Jin, Hui, Lao, Yong Min, Zhou, Jin, Zhang, Huai Jin, Cai, Zhong Hua
Journal of chromatography 2019 v.1598 pp. 30-38
Haematococcus pluvialis, algae, astaxanthin, chloroform, esterification, high performance liquid chromatography, methanol, sodium hydroxide, solid phase extraction, solvents, tandem mass spectrometry
Isoprenoid diphosphates are important precursors actively participating in many downstream metabolisms; they are often in modified forms, e.g., protein-coupled or esterified form. Therefore, in vivo level of free isoprenoid diphosphates is quite low, ˜0.07 nmol/g fresh weight in plants. In order to directly measure the isoprenoid diphosphate pool during stress-induced accumulation of astaxanthin in Haematococcus pluvialis, the present study optimized several pretreatment procedures to enrich free isoprenoid diphosphates for high-pressure liquid chromatography with tandem mass spectrometry (HPLC-MS/MS) detection. Specifically, different extraction solvents, e.g., water, methanol, chloroform, and mixture of water, methanol, and chloroform (1:1:1, V/V/V), and solid phase extraction (SPE) columns (OASIS@ WAX and HLB Cartridges) were compared; and gentle decoupling by NaOH or trifluoroacetic acid (TFA) was introduced to release free isoprenoid diphosphates.
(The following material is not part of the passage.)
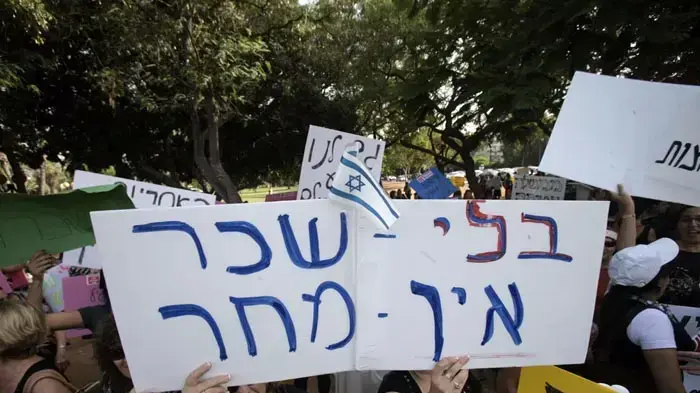 הפגנת גננות נעמ"ת על תנאיהם יולי 2010 הפגנת גננות נעמ"ת על תנאיהם יולי 2010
Results found that solvent mixture of water, methanol and chloroform (1:1:1, V/V/V) showed the highest extraction efficiency (RE) for five isoprenoid diphosphates, ranging from 76.83% to 92.43%; HLB column showed the balanced recoveries ranging from 75.29% to 87.54%; and incubation with low NaOH (˜4.7 mmol/L) at 4 °C significantly increased detectable isoprenoid diphosphates in algal cells, some of which were undetectable or in trace level before NaOH decoupling. The method was applied to H. pluvialis cells under various stresses. Low levels of isoprenoid diphosphates were determined in most of the stresses used, e.g., 0.19 ± 0.09 to 0.98 ± 0.06 mg/g fresh weight (FW) for IPP/DMAPP, 0.35 ± 0.07 mg/g FW for GGPP and undetectable for FPP and GPP; while isoprenoid diphosphates were significantly accumulated in the dark to 3.27 ± 0.05, 0.17 ± 0.09, 1.81 ± 0.16 and 0.58 ± 0.07 mg/g FW for IPP/DMAPP, GPP, FPP and GGPP, respectively. These results implied that isoprenoid diphosphates were exhausted by downstream carotenogenesis under stress. Our work emphasizes NaOH decoupling for exact quantitation of in vivo isoprenoid diphosphates.